Multivariate analysis showed that distal pancreatectomy was the only treatment option associated with an increased risk of developing DM in CP, with a 3.4-fold increase. This is in accordance with previous studies,[39,40] and is further confirmed by a recent systematic review reporting a rate of 39% for new-onset DM after distal pancreatectomy.[41] The relatively enriched distribution of islets in distal pancreas and the additional surgical resection based on pre-existing fibroinflammatory destruction of pancreatic parenchyma offer possible explanations.[42] The finding that endoscopic treatment by ERCP/ESWL was not associated with an increased/decreased risk of DM development is also consistent with previous studies.[43]

Interpretation of the identified risk factors is 2-fold. First, DM monitoring (eg, fasting glucose and HbA1c) in high-risk individuals (those with one or more risk factors) should be more frequent than “average-risk” individuals (those without identified risk factors). The most recent consensus statement released at PancreasFest 2012 recommended an annual screening for DM in patients with CP.[11] In the context of our findings, the screening interval for DM should be further individualized with consideration of the number of risk factors each individual has. Those with more risk factors should be screened more frequently with a screening interval <1 year.

Second, the identification of modifiable risk factors provides evidence for guiding clinical practice and patient education.
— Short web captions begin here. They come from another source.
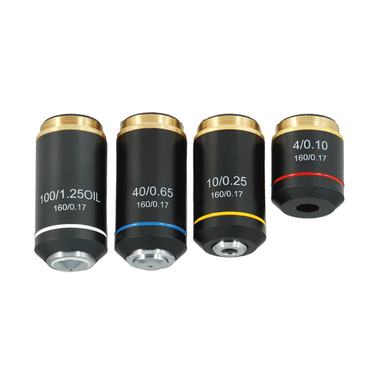Achromatic Objective Set, SKU BM05063011, three quarter front view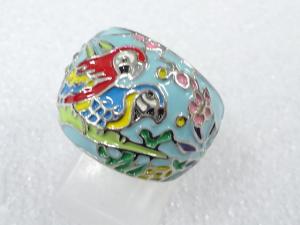 エナメル　クリスタル　指輪(12号)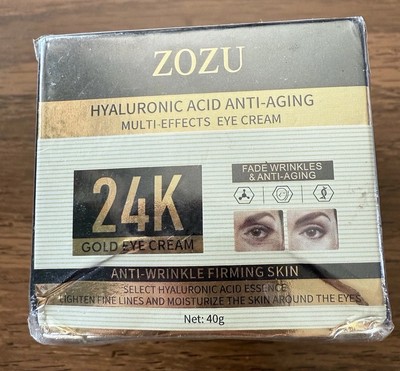ZOZU 24K Hyaluronic Acid Anti Aging Multi Effects Eye Cream Anti Wrinkle Firming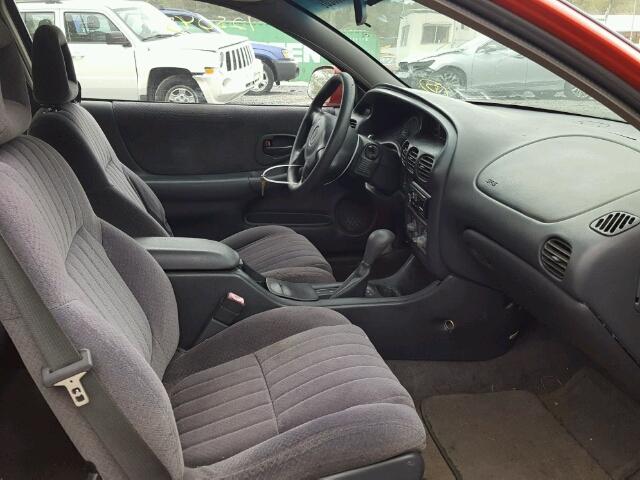 1G2WP12K01F223880 - 2001 PONTIAC GRAND PRIX RED photo 5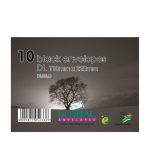 Dl Envelopes Black 10S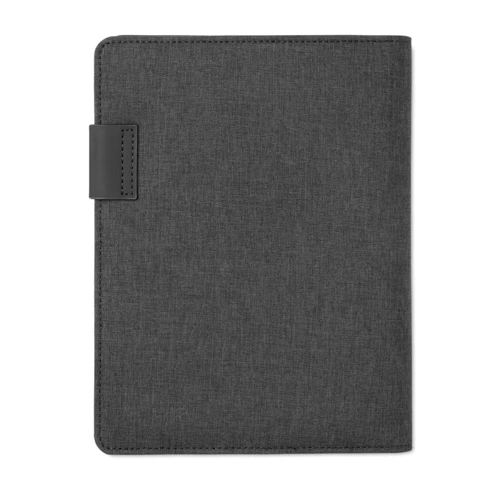 POWERNOTY A5 mappa, 4000 mAh powerbank Fekete 
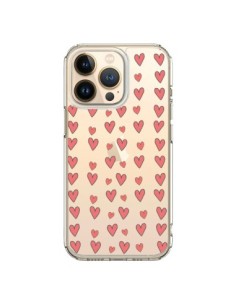 Coque iPhone 13 Pro Coeurs Heart Love Amour Rouge...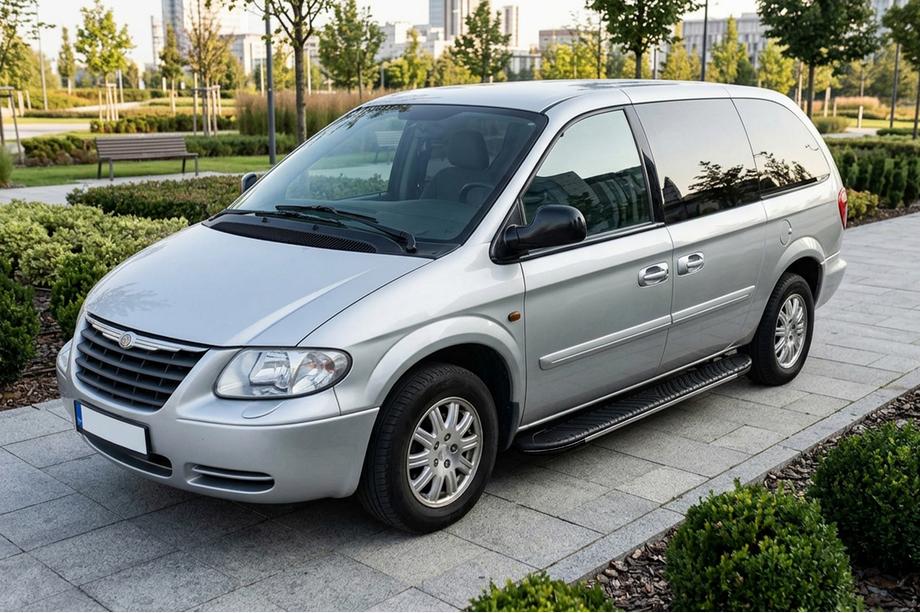 Chrysler Voyager 2001-2007 Trittbretter Bosphorus Grey (2 Stk., Aluminium) Image
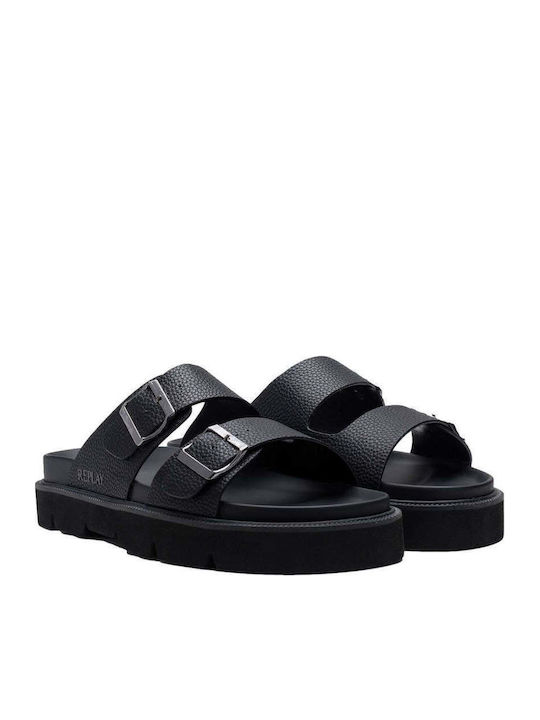 Hallan Men's Sandals in Black Colour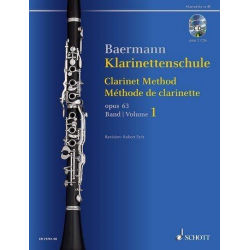 Klarinettenschule op.63 Band 1 (+2 CD's) -Carl Baermann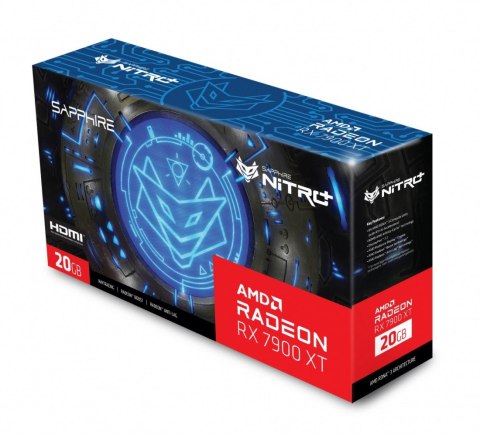 Karta graficzna Radeon RX 7900 XT NITRO+ Vapor-X 20GB GDDR6 320bit 2DP/2HDMI Karta graficzna Radeon RX 7900 XT NITRO+ Vapor-X 20GB GDDR6 320bit 2DP/2HDMI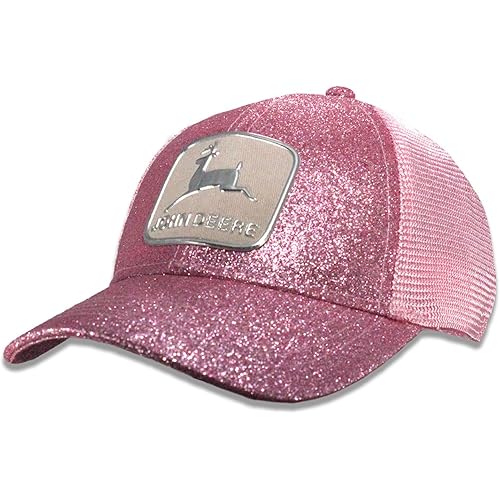 John Deere Pink Glitter Historic Tm Womens Cap-Pink-One Size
For example, lifestyle modifications such as alcohol abstinence, as recommended for CP patients, have been further confirmed by identifying alcohol abuse as a risk factor for DM. The potential correlation between pancreatic exocrine insufficiency (steatorrhea) and endocrine insufficiency (DM) suggests that pancreatic enzyme supplementation may help postpone or probably reduce the risk of DM development, though further investigations are warranted. Moreover, as a strong risk factor for DM development, distal pancreatectomy should be avoided unless necessary.

There are several limitations of our study. First, the observational study design (cohort study) is inherent to selection bias,[44] even though the adjusted HRs and 95% CIs were calculated in multivariate analysis using Cox regression model. Second, the inclusion of retrospective cohort introduced recall bias.[44] Nevertheless, statistical analysis showed that there was no significant difference between the clinical characteristics of patients admitted before and after January 2005. In this sense, the recall bias minimally influenced the results of the study. Third, our study failed to distinguish DM secondary to CP (type 3c DM) from type 1 or type 2 DM. We had made efforts to exclude patients diagnosed with DM over 2 years before the onset of CP, and in fact, in most cases of DM occurring in patients with CP, the diagnosis is type 3c.

In conclusion, the risk of developing DM in patients with CP is not only influenced by the development of biliary stricture and steatorrhea indicating disease progression, and inherent nature of study subjects such as male sex, but also by modifiable factors including alcohol abuse and distal pancreatectomy. This provides additional suggestions and evidence for early detection and probable risk reduction of DM in patients with CP.